Woah. Are you looking into a crystal ball that allows you to see several hundred years into the future? This is crazy. Grand lake is an hour and a half away (85+ miles) and Bentonville is 2.5 hours (115 miles) away. 

This distance is comparable to suggesting someone live in Colbert Oklahoma (Lake Texoma) and commute into Dallas. Dallas has a metro population  7.5 times larger than Tulsa. No one lives at that lake and commutes an hour and a half to work in Dallas. There's nothing north of McKinney but fields for 50 miles.

----------


## Plutonic Panda

Yeah Grand Lake is a stretch.  :Wink:

----------


## Snowman

> But you have to admit, in reality that’s what would happen if Tulsa boomed. The potential is there. Port city. Very impressive arts and philanthropist mentality, close to proximity to another potential major city in the making(Bentonville), and beautiful geographical features(a similarly most attractive cities have that OKC lacks).
> 
> Suburbs are where most people want to be.


Tulsa is not a port city in the classic sense, it did not develop around a port, that was added a century and a half later enough miles away from the well established core of the city it pretty much is a suburb.

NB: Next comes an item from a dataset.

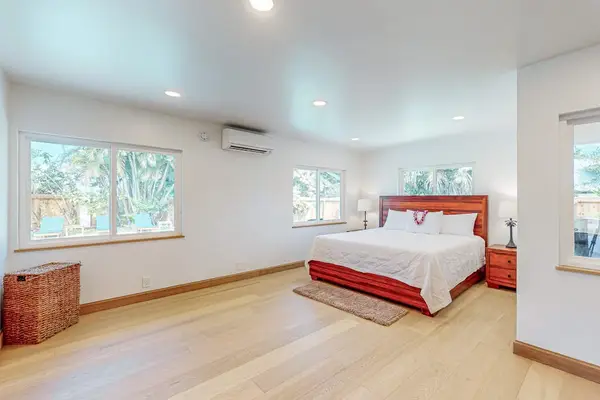 First Bedroom features crisp linens warm wood floors and garden light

If Tulsa was not already regionally important the entire river management project that allows barge traffic on the Arkansas river may not have happened at all or might have not extended into Oklahoma.

----------


## bchris02

> Tulsa is not a port city in the classic sense, it did not develop around a port, that was added a century and a half later enough miles away from the well established core of the city it pretty much is a suburb. If Tulsa was not already regionally important the entire river management project that allows barge traffic on the Arkansas river may not have happened at all or might have not extended into Oklahoma.


Good bit of info here.  I've always found it curious as to why Tulsa isn't a "river city" per say (think Little Rock, Memphis) despite being in such an excellent riverfront location.

----------


## BG918

> Good bit of info here.  I've always found it curious as to why Tulsa isn't a "river city" per say (think Little Rock, Memphis) despite being in such an excellent riverfront location.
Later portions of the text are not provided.